■ **Exercise data**
+++

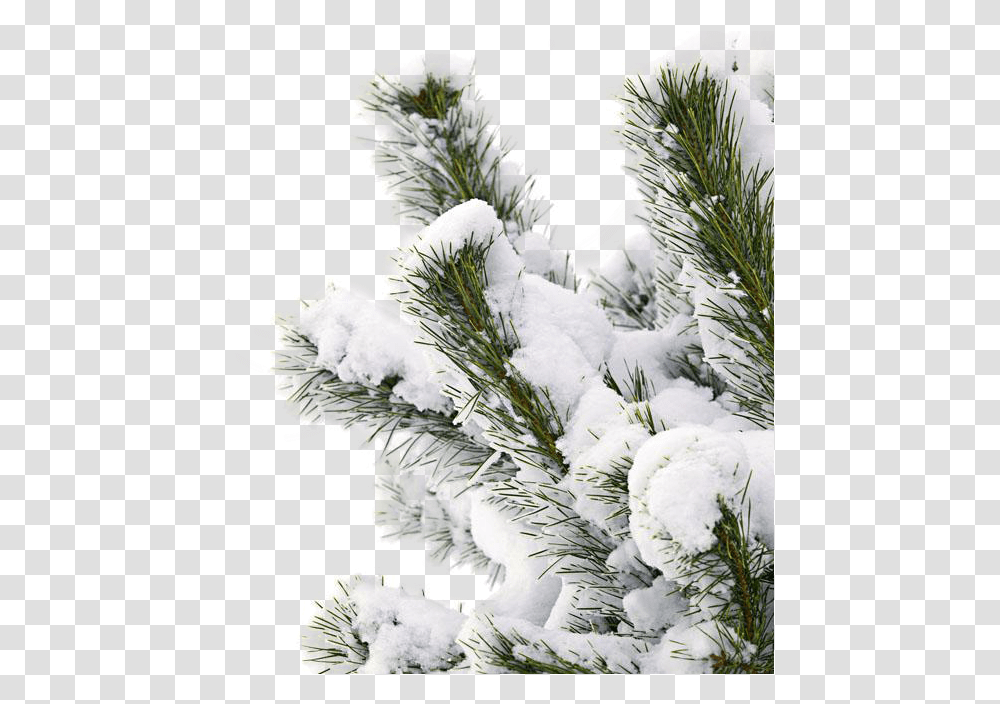 Snowtree Snow Branch Snow Pine Tree, Plant, Fir, Abies, Conifer Transparent Png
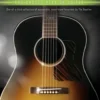 First 50 Songs by the Beatles
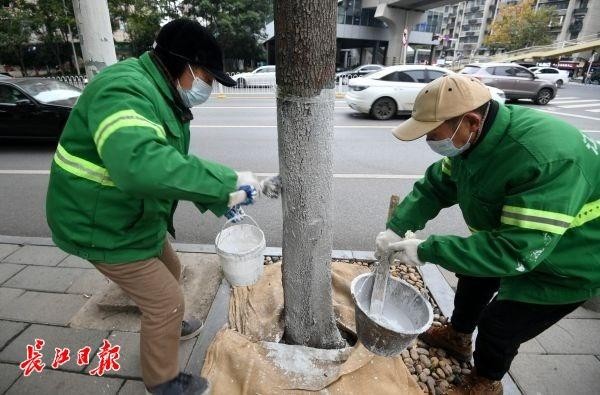 刷白敷膜做SPA武漢精細(xì)呵護(hù)街頭千萬株樹木過冬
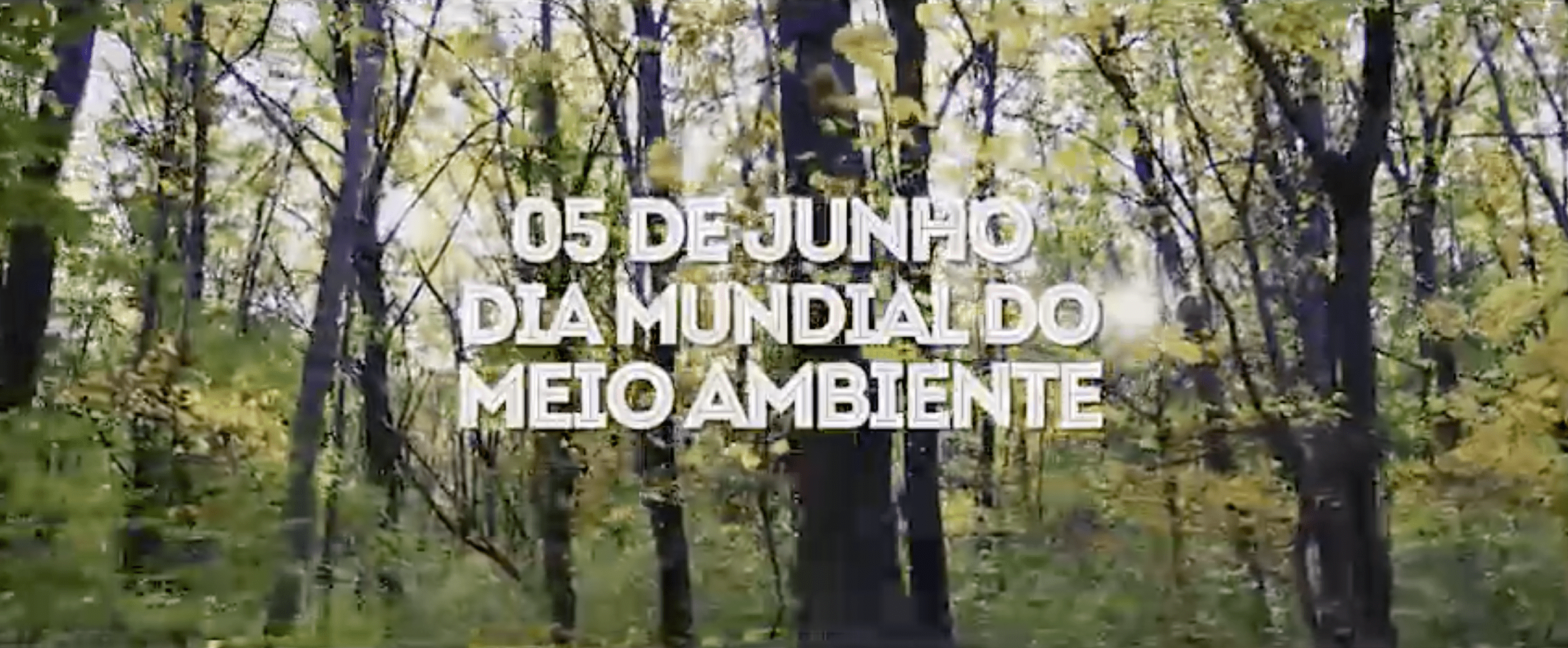 Dia do Meio Ambiente: Moto Honda lança iniciativa de valorização da floresta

+++

■ **What you will do**
Reproduce exactly and only the lines from the line that contains "刷白敷膜做SPA武漢精細(xì)呵護(hù)街頭千萬株樹木過冬" to the end of the data above, both ends included. No pictures go in the copy.

■ **Finished task**
 刷白敷膜做SPA武漢精細(xì)呵護(hù)街頭千萬株樹木過冬
 Dia do Meio Ambiente: Moto Honda lança iniciativa de valorização da floresta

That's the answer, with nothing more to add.